Bienenstich, selbstgebackenen Apfel- und Streuselkuchen haben Mira und Tochter Andrea für die Gäste mitgebracht. Fischer reicht noch ein Löffelchen Nostalgie dazu: den alten Bebauungsplan von 1928. Da gab es zwischen Heuweg und Düsseldorfer Straße gerade einmal einen Fußweg, zeigt er. Fast jeden Tag ist Mattes Fischer hier vorbeigekommen. Wenn Mira geht, „dann muss ich mir meinen Kaffee selbst machen“, sagt er. Und es wird auch ein bisschen einsamer.
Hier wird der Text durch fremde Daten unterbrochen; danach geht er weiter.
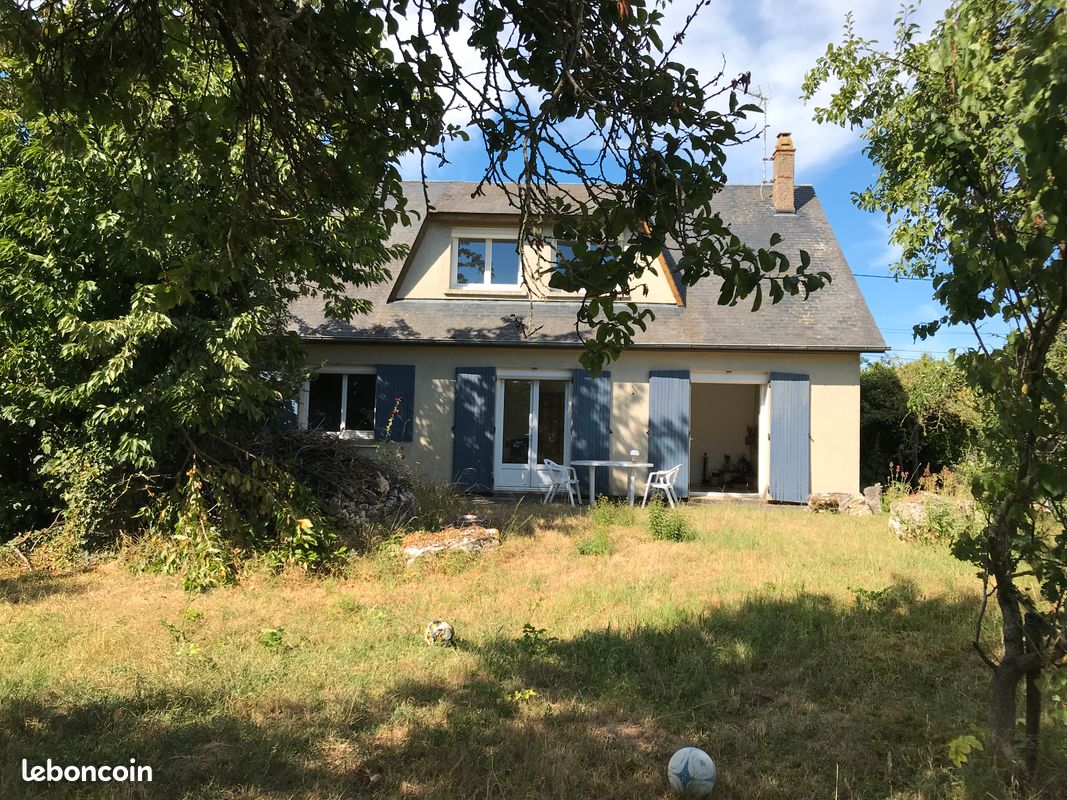 Maison 6 pièces 112 m² · à Berchères-les-Pierres · 112,4 m² · 195 000 €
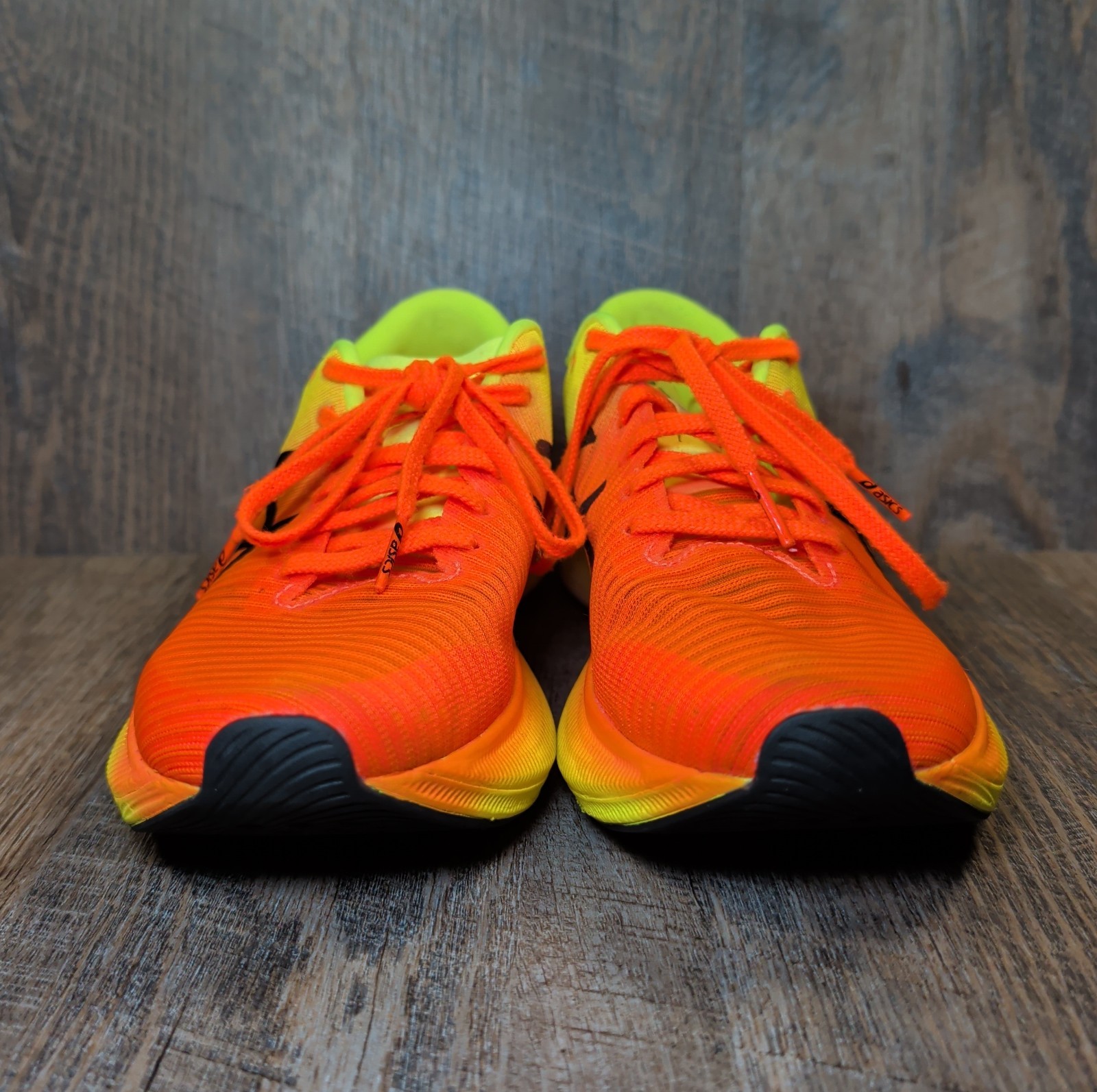 Asics Metaspeed Edge Shocking Orange Women’s Size 7.5 Athletic Running Sneakers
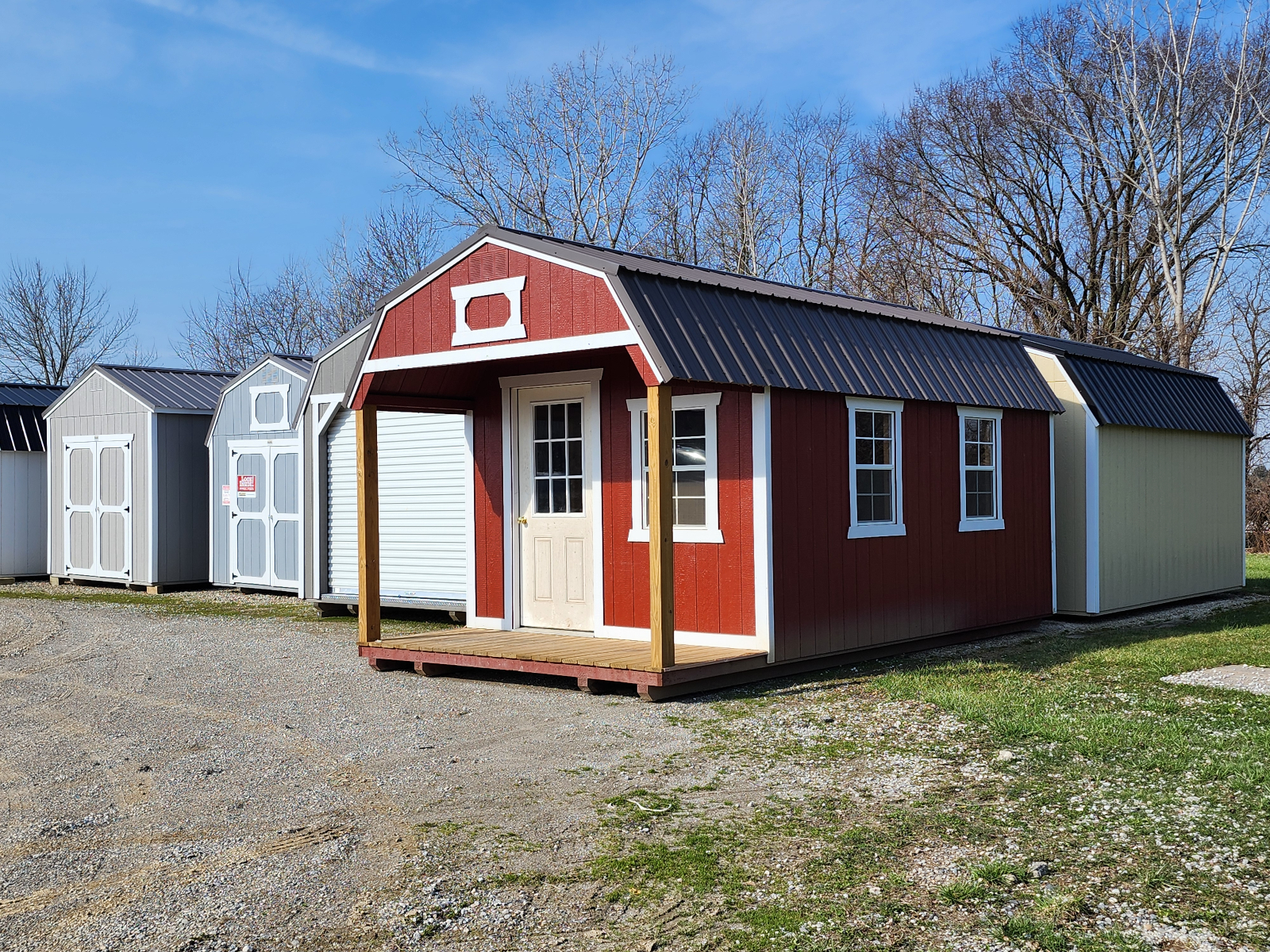 10' x 20' (Alliance) (REPO) Lofted Barn Playhouse 10x20 for sale in Canton, OH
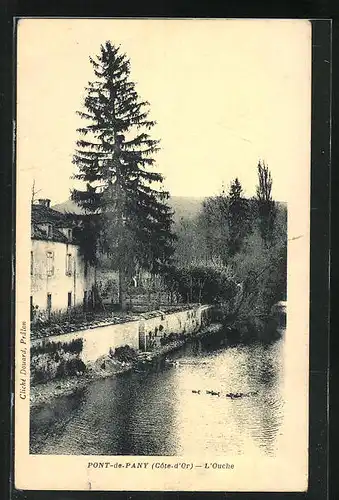 AK Pont-de-Pany, l'Ouche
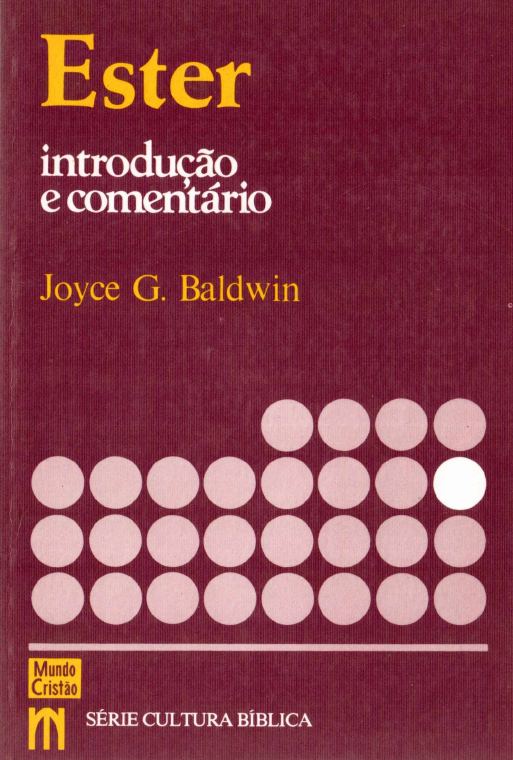 Capa de 7 - Ester - Introdução e Comentário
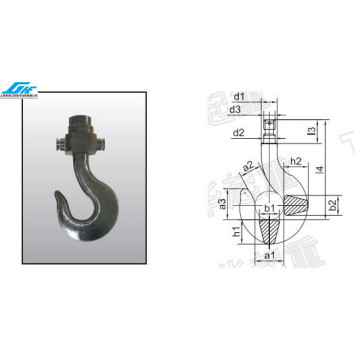 Lifting Single Hook Block (GHE4701)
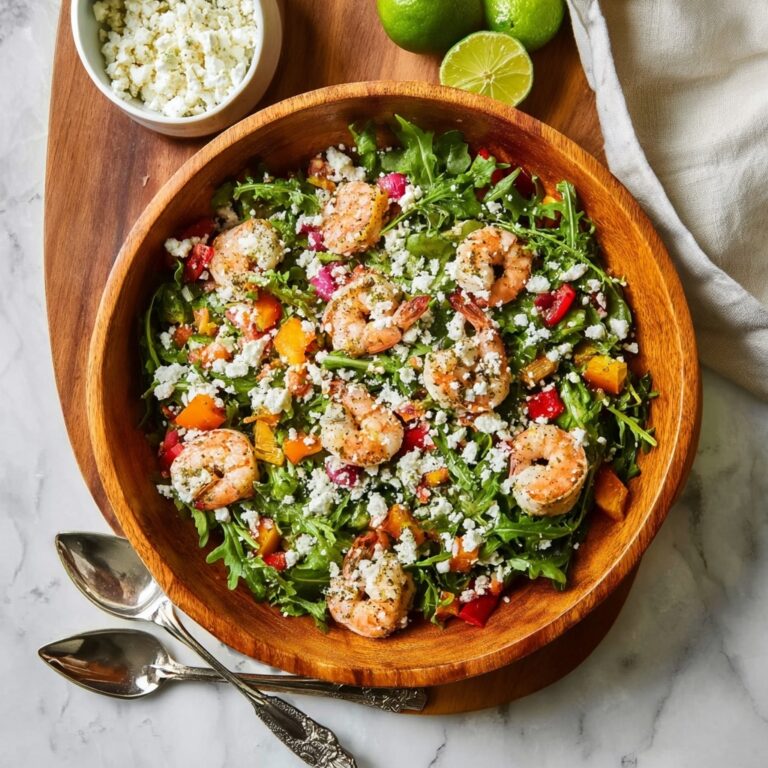 Shrimp Quinoa Salad with Lime and Feta Recipe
„Die Arbeiten haben sich gerne gegenseitig veräppelt“
Den Blick zurück unterbricht ein Handwerker, der zur Mittagszeit vorbeischaut: drei kalte Bier – das sind die letzten im Kühlschrank. „Schöne Feiertage.“ Und raus ist er. Auch das „Feierabend-Bier“ gehörte dazu, erzählt Tochter Andrea, „und der Spaß. Denn die Arbeiter haben sich natürlich auch gerne gegenseitig veräppelt, die nehmen kein Blatt vor den Mund“, erinnert sie sich mit einem breiten Lächeln daran zurück, wenn sie aushelfen musste. Das frühe Aufstehen allerdings war eine andere Sache …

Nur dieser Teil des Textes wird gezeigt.